Trieste belonged to Nazi Germany’s Operational Zone of the Adriatic Coastland. The Germans occupying Trieste had secret orders from Heinrich Himmler, Hitler’s commander-in-chief, to rid Italy of its Jewish population.
Parin’s Jewish ancestry – his “blood” and “race,” as antisemitic ideology proclaimed – led to his arrest on April 14, 1944, at his home on the via di Torre Bianca. His Swiss citizenship should have protected him, but it didn’t.
The Gestapo targeted Parin because of his Jewish parents. No matter how much Parin might have thought of himself as Italian, Catholic, or Swiss, the Nazis considered him a Jew.
Trieste’s Detention Centers
Upon his arrest, Parin was first taken to the Risiera di San Sabba, a former rice refinery located near the synagogue. From 1944 onward, it served as a holding and transit camp for Jewish and political prisoners.
In March of that year, the Nazis also added a crematorium to the Risiera, the only one in Italy, to burn the bodies of those who died there. An estimated 3,000-5,000 people perished in this camp. In the spring of 1945, the Nazis blew up the crematory’s ovens and chimney stack.
24 hours after his arrest, Parin was moved to the Coroneo, Trieste’s municipal prison. The German Gestapo interrogated prisoners there, and it, too, functioned as a“holding station” where Jews from all over northern Italy were detained as they waited for deportation.
Transports took Jews from both detention centers to one of the many Nazi-run concentration, labor, and extermination camps. The Risiera’s records list at least 22 transports. Auschwitz, the extermination camp now located in Poland, was the main destination. Jews and political prisoners were also sent to Dachau near Munich, the Austrian labor camp of Mauthausen, and the women’s labor camp of Ravensbruck near Berlin.

From Trieste to the Fossoli di Carpi Transit Camp

When Parin was incarcerated in the Coroneo prison, Emile Bonzanigo, the Swiss Consul in Trieste, tried to negotiate his release by reminding the German Gestapo that Swiss citizens were exempt from arrest and property seizures.

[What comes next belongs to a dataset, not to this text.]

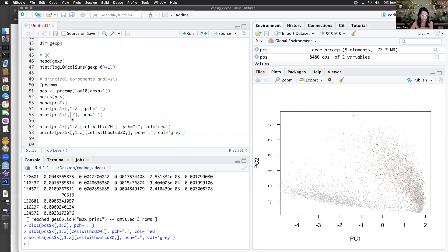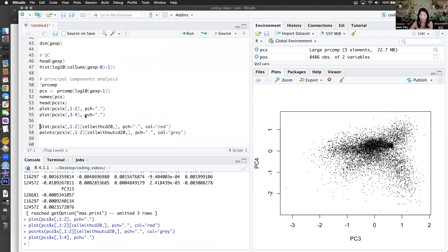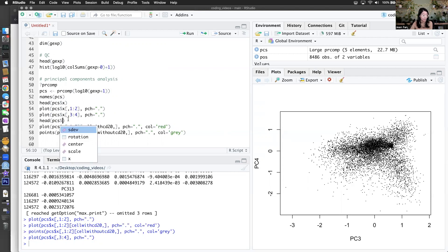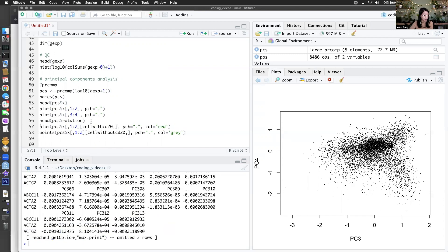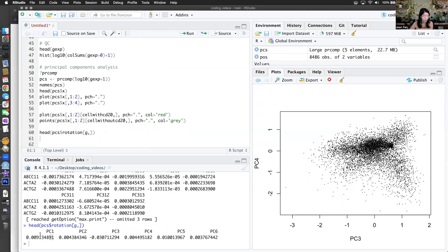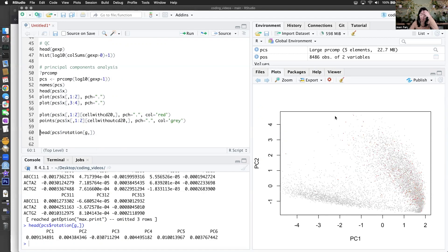How do the other principal components look? There are many principal components and they capture different axes of variation. I wonder what are the loading values of MS4A1 — it has a positive loading on PC1 and negative on PC3. I'll leave it to the students to explore what these primary axes of variation are, what they're capturing, and how they're splitting our cells into different transcriptional groups. There are a lot of PCs, and actually, how much variance do the PCs explain?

On May 6, 1944, Bonzanigo visited Parin to tell him that he would be released soon. Three days later, the Swiss consulate in Trieste received a letter indicating that Parin had been sent by train to Switzerland and his confiscated property returned. By May 15, it was clear that something had gone wrong.
On May 26, Parin’s brother, Vittorio, reached out to the Swiss government for news. This is when the family learned that Parin had been sent to the Fossoli di Carpi prison-and-transit camp run jointly by Germans and Italians in the province of Modena. Among the Jewish prisoners in Fossoli di Carpi was Primo Levi, the author of well-known books about his survival in Auschwitz.
Swiss officials immediately tried to secure Parin’s release. By the time it was granted – on June 2, 1944 – Parin was no longer in Fossoli. On May 16, he had already been deported to Bergen-Belsen.